こんにちは。shiroshiroです。
昨日、カルナバイオサイエンスから増資のIRが発表されました。
2019年07月11日 IR情報
「行使価額修正条項付き第18回新株予約権(第三者割当て)の発行及びコミットメント条項付き第三者割当て契約に関するお知らせ」を掲載しました。
https://www.carnabio.com/japanese/ir/news/2019.html#pr765
カルナバイオサイエンスは、先日のギリアドとの提携によって大幅高をしていた企業です。当ブログでも解説を行っておりますので、ご覧になってください。 そーせいグループ株式会社の業績とおもなIRについてまとめています。 Q1決算短信 Q2決算短信 Q3決算短信 Q4決算短信 2021年12月期のそーせいグループ(業績・IR) 2022年12月期業績 ... 続きを見る
2022年12月期のそーせいグループ(業績・IR)
バイオ株と増資は切っても切り離せないものです。
バイオ投資家を名乗るなら、被弾の一つは覚悟しないといけません。本日はこのIRの内容について、見ていきましょう。
見出し
・増資IRの内容を読んでいく
・なぜこのタイミングで出た?
・気になるスキームの内容
増資IRの内容を読んでいく
増資とひとことで言っても、その方法は様々です。
今回は「第三者割当て増資」ということで、株主でもなく、公募でもなく、特定の第三者に増資に係る金額をもってもらうことになります。
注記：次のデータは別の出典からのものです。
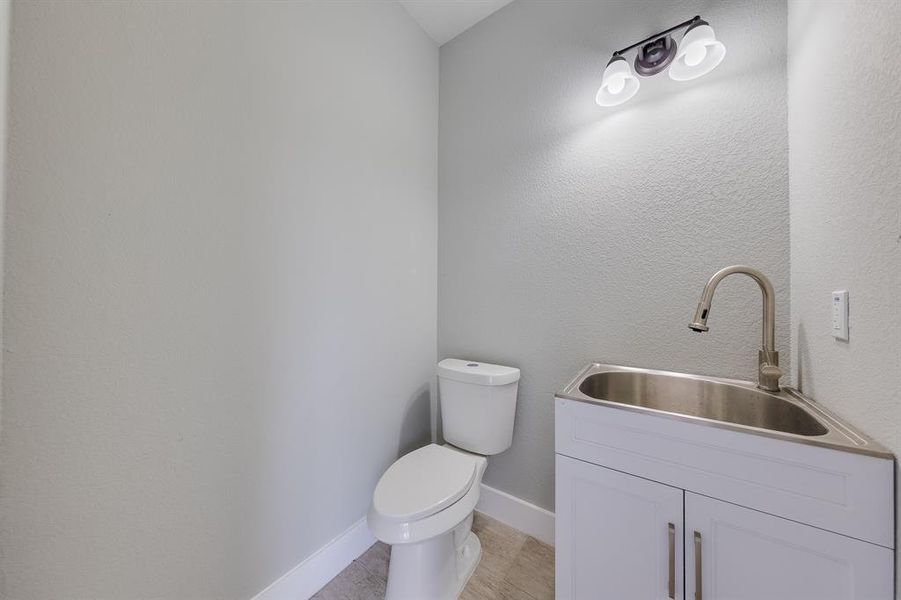 Mudroom or half bath conveniently located at the back patio, offering easy access and functionality for outdoor activities.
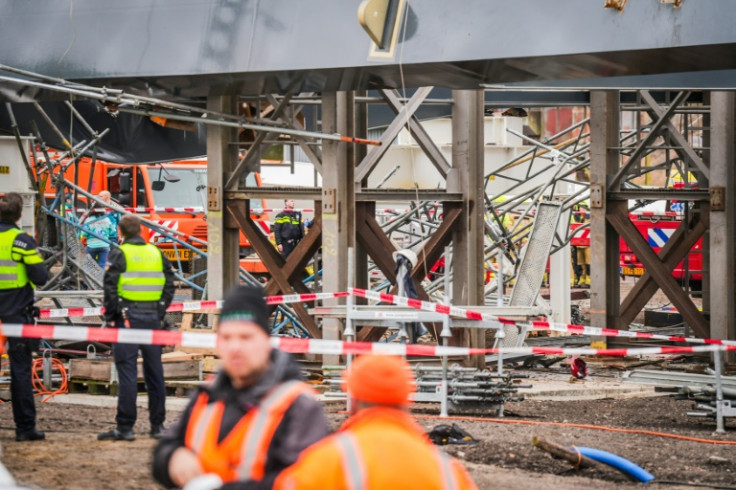 A local reporter at the scene said workmen had been hoisting bridge arches when the accident happened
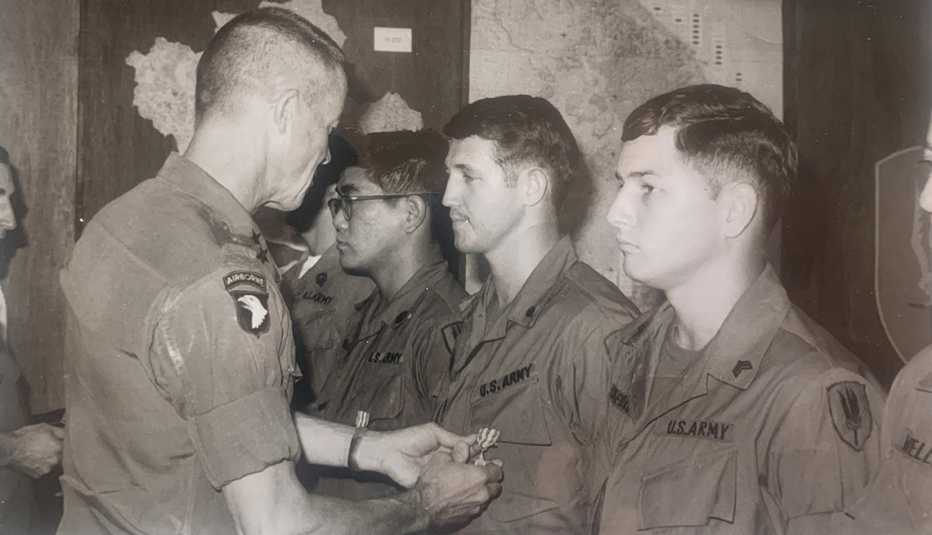 a black and white photo shows mike lowry getting a silver star pinned on his uniform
1枚目以外にも大事なポイントは書いていますが、要約すると↓のようになります。
潜在株式数:1,625,000株
当初行使価格:2,805円
資金調達額:45億5,654万円
割当予定先:メリルリンチ日本証券
最大希薄化率:15.01%
まずは、トレーダーの視点から行くと株価15%下落するということですね。いきなり被弾するのですから、たまったものではないです。
ただ、実際は翌日の株価が数字通りに下落するというわけではありません。
資金調達の理由等で「運転資金の確保」ですと、自転車操業を嫌気されて、数字以上に下がります。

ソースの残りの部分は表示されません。